Following that newest trend, the US embassy in Croatia re-located 
from downtown Zagreb to Buzin, close to the Zagreb International 
Airport Pleso. I suppose there are two possible interpretations for 
that move: either the State Department wants its personnel to be 
close to airports for quick evacuation, if such becomes necessary, 
or they want the embassy to serve as the command and control 
center in case they need to take over the country pre-emptively.

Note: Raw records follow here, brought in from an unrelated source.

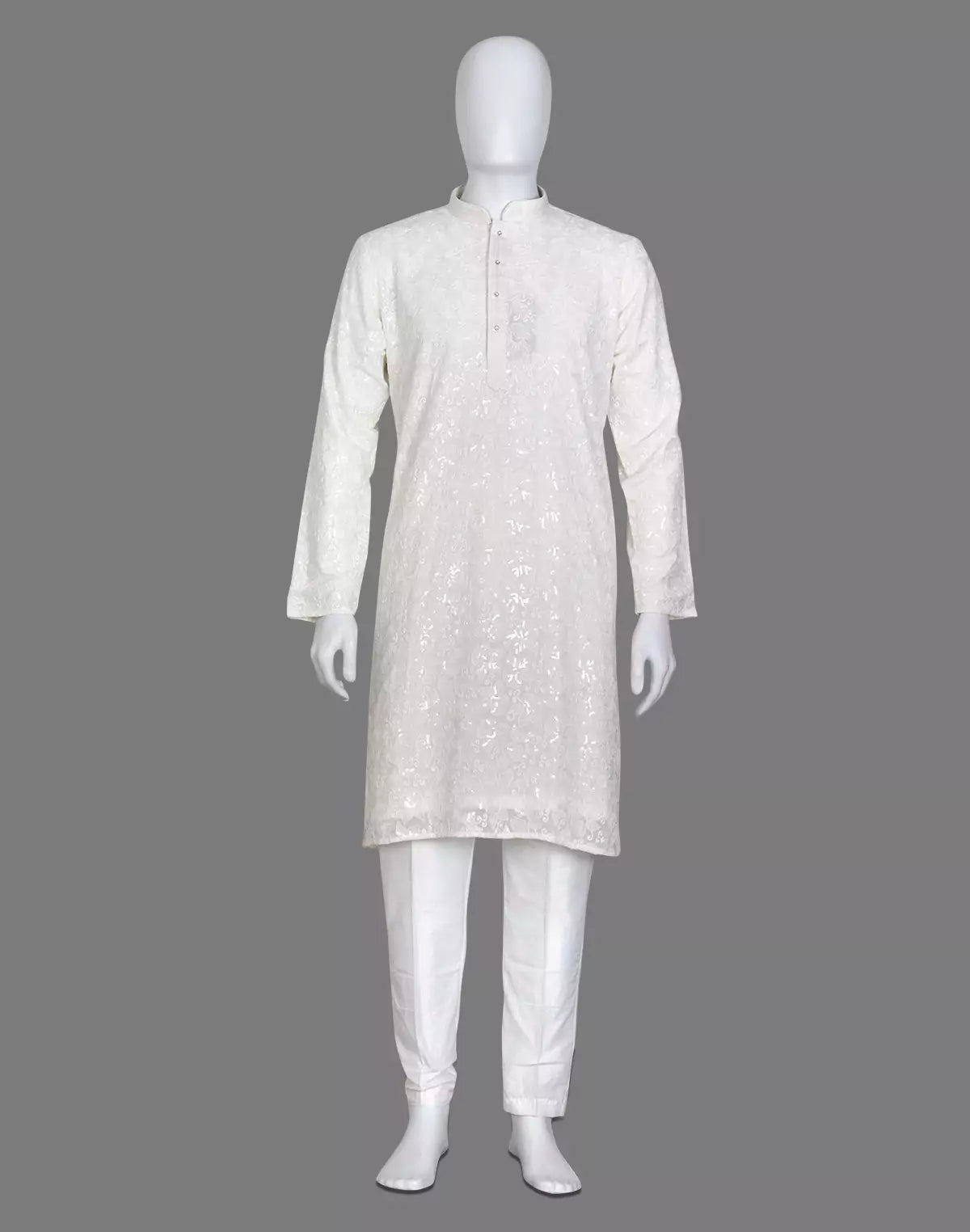 Image of White Ethnic and Embroidered work Georgette Kurta Pyjama Set - South India Shopping Mall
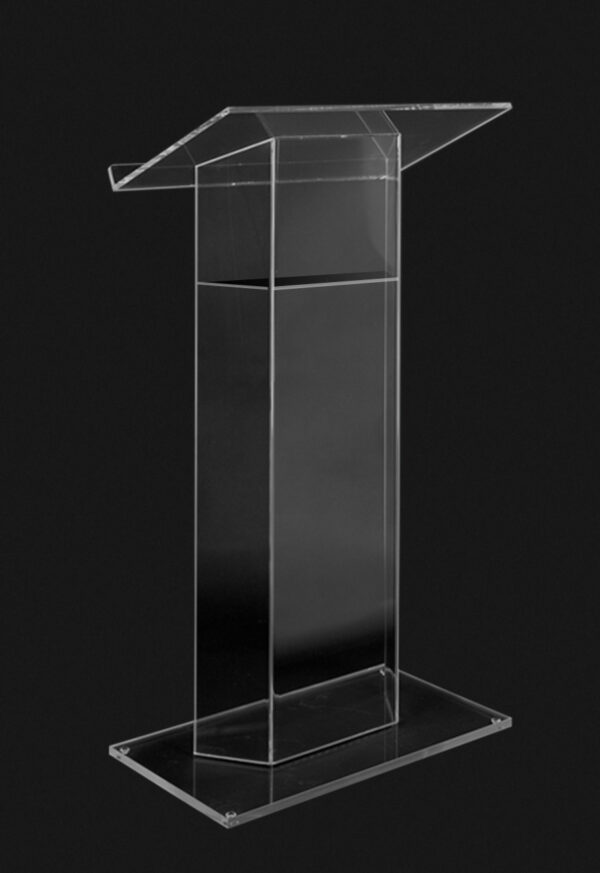 ACRYLIC "WING" STYLE LECTERN WITH SHELF ▪ UNASSEMBLED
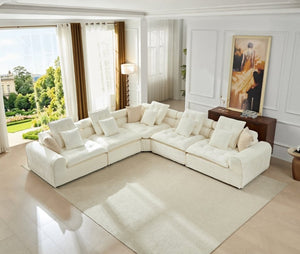 English Elm 124.3 Inch Oversized Boucle L Shaped Sectional Sofa with Deep Seats for Living Room White W5515S00092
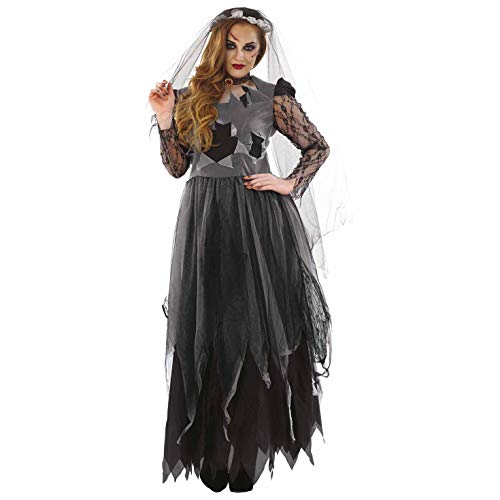 Fun Shack Schwarzes Zombie Braut Kostüm für Damen, Faschingskostüm Damen, Halloween Verkleidung - S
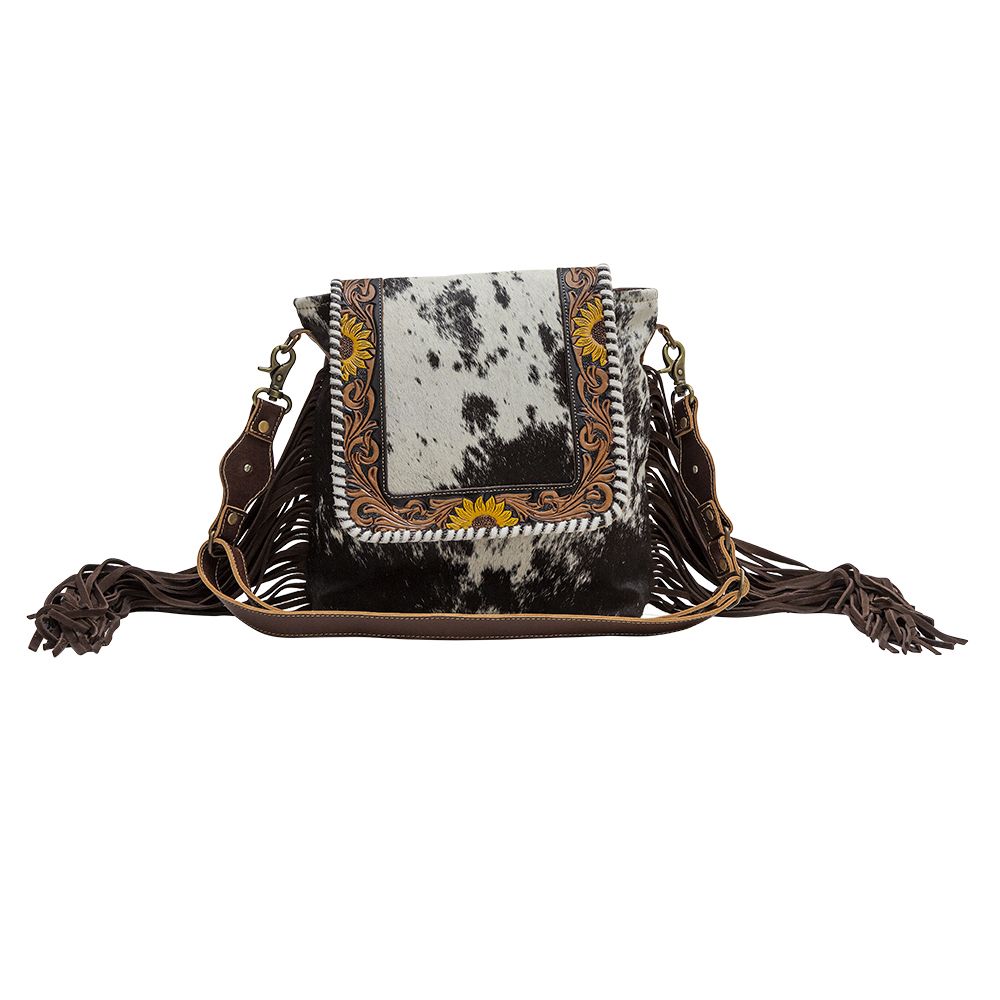 Sunflower Tooled Fringe Bag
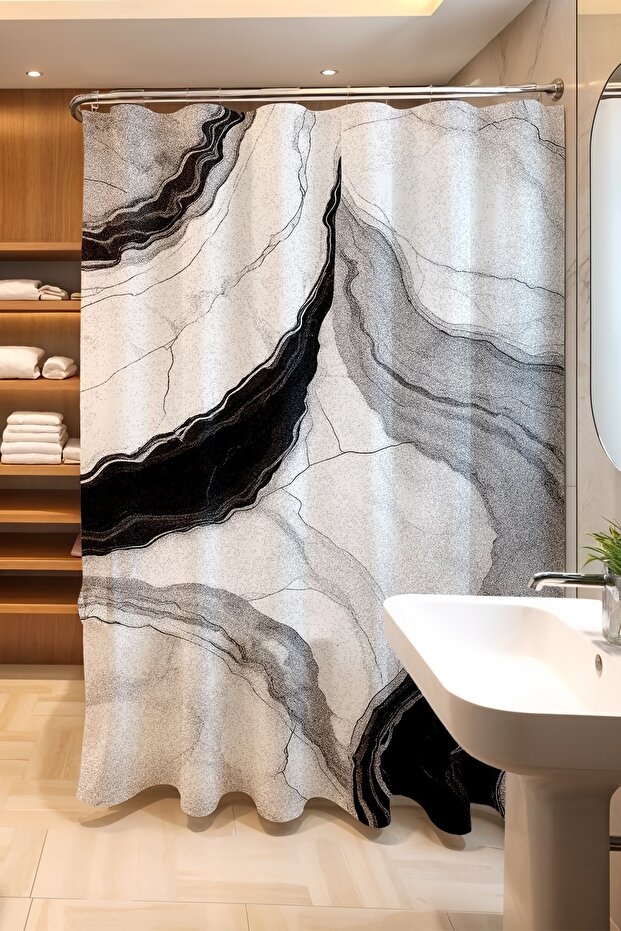 Bathroom Curtain, Black and White Marble Pattern Shower Curtain, Bathtub Curtain 175X200Cm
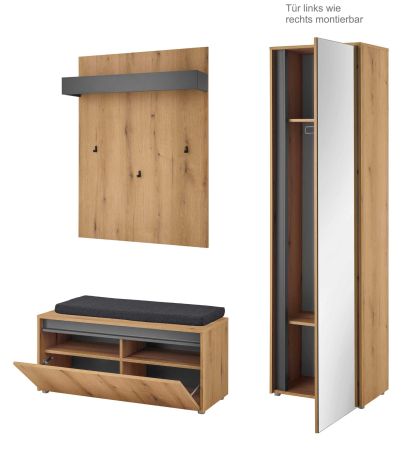 Garderobe Set 4-teilig Center in Evoke Eiche und grau Garderobenkombination 170 x 200 cm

Particularly devious is that "for security reasons" (which are now 
used by the Administration to justify all kinds of nonsense at home 
and abroad) there will be no public parking available at the 
Embassy, as the US Embassy Press Release stated. In other 
words the SUV nation does not allow Croats to use their cars to 
come to the Embassy. Applicants are directed to take public 
transportation or a cab instead.

Cabs are expensive for most of impoverished Croatian citizens, but 
then, the US doesn't want those to visit, anyway; and bus #268 
Zagreb - Velika Gorica is notorious for being late, over-crowded, 
intermittent in its scheduling - and, un-air-conditioned. The 180 
minutes bus round-trip in sweltering Zagreb's summer is perhaps 
meant to be an aditional deterrence from visiting an unfriendly visa 
officer at the embassy (who may just say that you need something 
else - so back to the city, and come another day, during working 
hours, of course).

The real pains are going to be for Croatian citizens who do not live 
in Zagreb, of course. Unless, they fly in by an airplane and stay at 
a hotel close to the airport until their business at the US embassy 
is over. The entire move, in my opinion, is designed to make it less 
attractive for Croats to visit the US as tourists, now that the 
suckers adopted democracy and free market, and are not 
interesting to be adopted as political exiles any more.